Она постучалась, и Шюман вздрогнул. Наверное, был глубоко погружен в свои мысли. Он поднял голову и жестом пригласил Аннику войти. Она села напротив него.
— Могу предположить, что сейчас последуют извинения, — сказал он.
Анника покачала головой:
— Не сейчас. Я уже сыта ими по горло. Как ты себя чувствуешь?
Этот вопрос сорвался с ее губ неожиданно для нее самой. Шюман тяжело вздохнул.
— Эти сокращения меня едва не доконали, — сказал он.
Он молча окинул взглядом свою редакцию — репортеров, компьютеры, радиостудии, редакторов интернет-издания. За окнами стало темно. Короткий день сменился длинной ветреной декабрьской ночью.
— Я люблю эту газету, — произнес он наконец. — Никогда не думал, что это скажу, но это правда. Я понимаю, что мы часто ошибаемся, а подчас слишком далеко заходим, часто мы оскорбляем и подставляем людей, выставляем их в ужасном свете, но мы все же выполняем очень важную функцию. Без нас демократия стала бы очень хрупкой. Без нас общество стало бы намного опаснее и грубее.
Анника медленно кивнула.
— Хотелось бы верить, — сказала она, — но я в этом не убеждена.
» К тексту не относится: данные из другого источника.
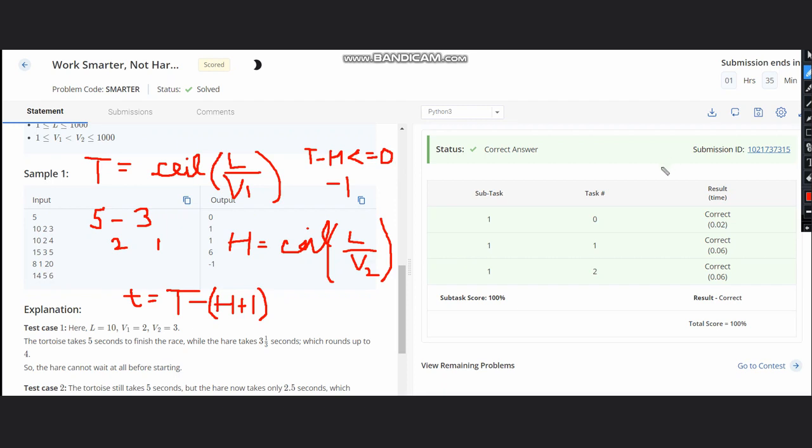I hope you all understand this solution and you can see that it gives us the correct answer. Thanks for watching.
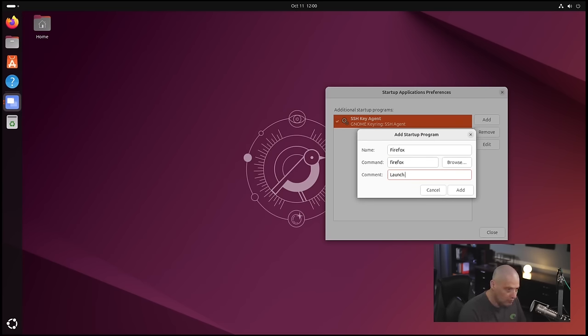Ubuntu uses Pipewire as the audio server. Running 'whereis pipewire' confirms the binary is present. Being GNOME, Ubuntu is also defaulting to Wayland as the display server. To verify, you can run 'echo $XDG_SESSION_TYPE' and you'll get either 'x' or 'wayland' as output. In this case I got 'wayland', so we're running GNOME on Wayland.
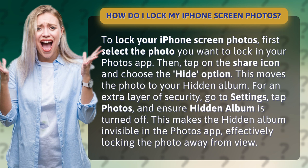For an extra layer of security, go to Settings, tap Photos, and ensure Hidden Album is turned off. This makes the Hidden Album invisible in the Photos app, effectively locking the photo away from view.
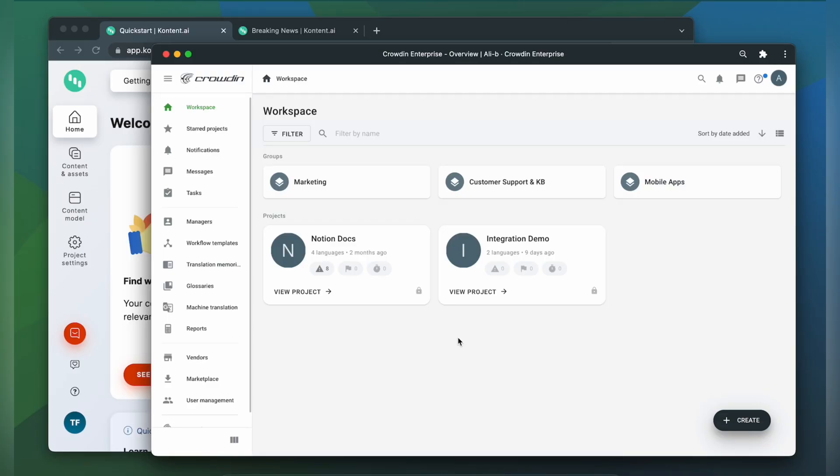To integrate Crowdin and Contentful you'll need to have a Crowdin Enterprise or a Crowdin.com account and an already created Crowdin project.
— Ты хорошо поработала вчера.
— Да нет, — отмахнулась Анника. — Я же ничего не написала. Я даже отказалась прислать фотографию Александра.
— Я имею в виду другое.
— Это очень грязное дело, — сказала Анника. — Я даже не знаю, как это все сложится в единую картину. У всех вовлеченных в это дело были свои мотивы, свои оправдания. Может быть, все они виновны, причем не только в том, в чем их обвиняют или находят виновными…
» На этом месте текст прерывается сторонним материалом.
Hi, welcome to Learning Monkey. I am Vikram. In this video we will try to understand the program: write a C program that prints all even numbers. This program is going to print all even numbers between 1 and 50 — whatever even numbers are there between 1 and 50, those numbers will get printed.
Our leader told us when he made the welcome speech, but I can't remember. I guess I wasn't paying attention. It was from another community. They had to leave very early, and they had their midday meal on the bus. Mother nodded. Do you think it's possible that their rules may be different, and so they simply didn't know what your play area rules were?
Андерс Шюман снова вздохнул.
— Мне пора домой, — сказал он.
— Мне тоже.
— Хочешь, я тебя подвезу?
Она секунду поколебалась.
— Да, пожалуйста.
Они встали, главный редактор выключил свет и, не потрудившись запереть кабинет, вышел вслед за Анникой в помещение редакции. По лестнице они спустились в гараж, к машине Шюмана.
— Почему ты всегда думала, что она невиновна? — спросил он, когда они выехали на Меларстранд.
Анника решила сказать правду:
— Я просто отождествила ее с собой. Если она невиновна, то и я тоже.
— Ты разговаривала с полицейскими о пожаре? К каким выводам они пришли?
Анника сглотнула.
— Нет, не разговаривала, — сказала она и отвернулась к окну.
Шюман высадил ее на автобусной остановке на мосту Мункброн.
— Но тебе все равно надо подыскать приличную квартиру, — сказал он.
— Я знаю, — сказала Анника, вышла из машины и закрыла дверь.